→ Material for the task

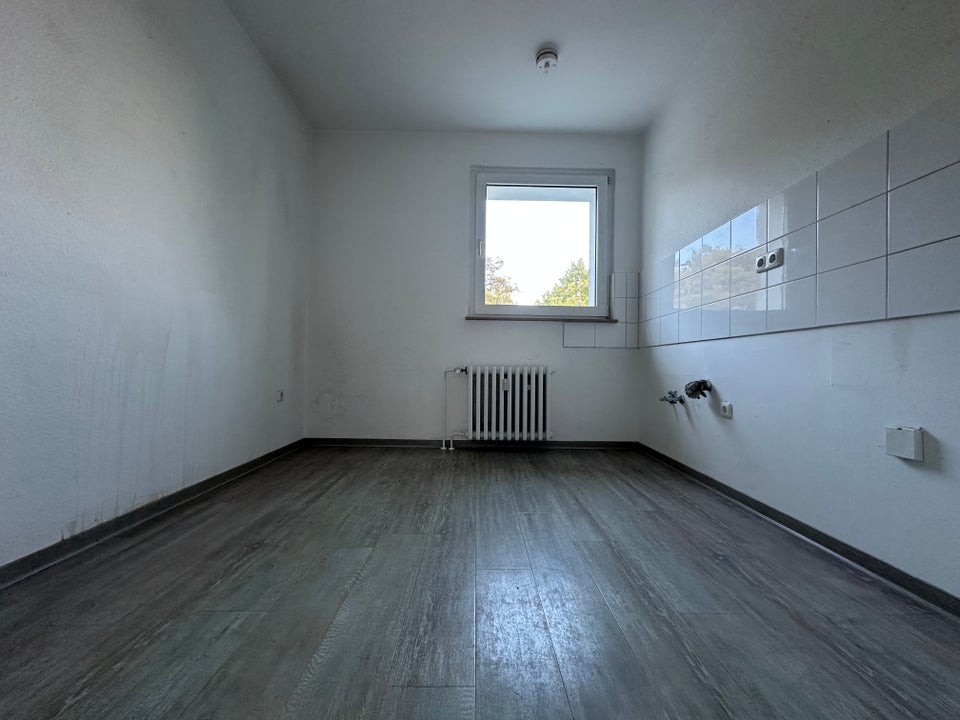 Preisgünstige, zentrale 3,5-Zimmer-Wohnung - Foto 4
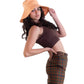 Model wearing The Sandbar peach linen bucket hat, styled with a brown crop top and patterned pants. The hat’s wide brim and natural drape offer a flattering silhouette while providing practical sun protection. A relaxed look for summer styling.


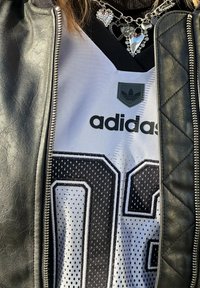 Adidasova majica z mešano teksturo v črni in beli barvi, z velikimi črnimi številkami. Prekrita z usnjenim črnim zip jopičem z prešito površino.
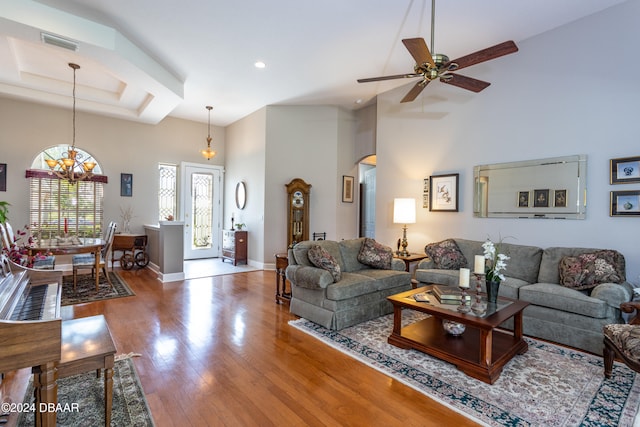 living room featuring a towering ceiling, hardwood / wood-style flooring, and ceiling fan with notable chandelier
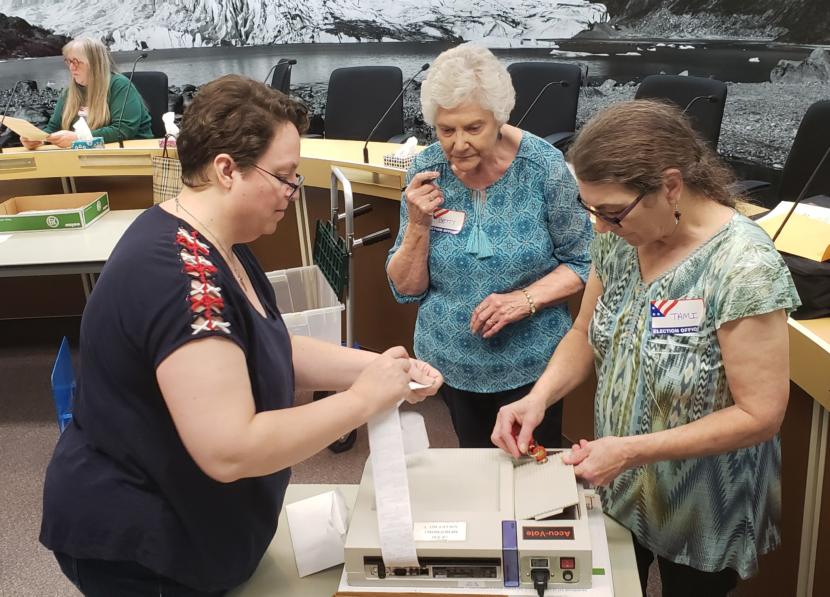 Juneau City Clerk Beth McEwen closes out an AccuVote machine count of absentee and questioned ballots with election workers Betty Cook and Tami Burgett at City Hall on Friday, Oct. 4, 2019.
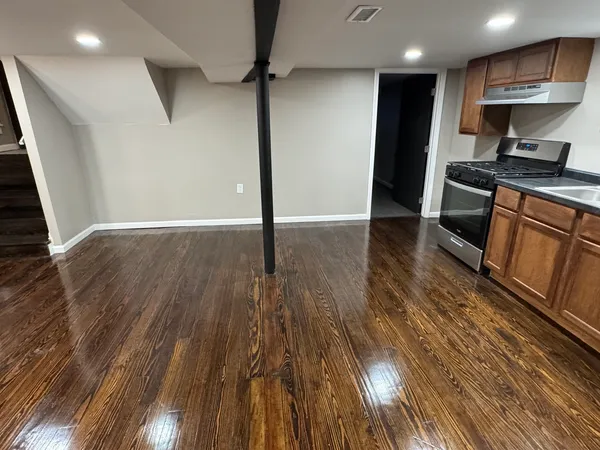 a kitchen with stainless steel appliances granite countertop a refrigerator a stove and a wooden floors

→ What is being asked
Everything from the line with "Juneau City Clerk" through the last line of the listing above is to be copied exactly, both ends included, except the pictures.

→ Answer box
 Juneau City Clerk Beth McEwen closes out an AccuVote machine count of absentee and questioned ballots with election workers Betty Cook and Tami Burgett at City Hall on Friday, Oct. 4, 2019.
 a kitchen with stainless steel appliances granite countertop a refrigerator a stove and a wooden floors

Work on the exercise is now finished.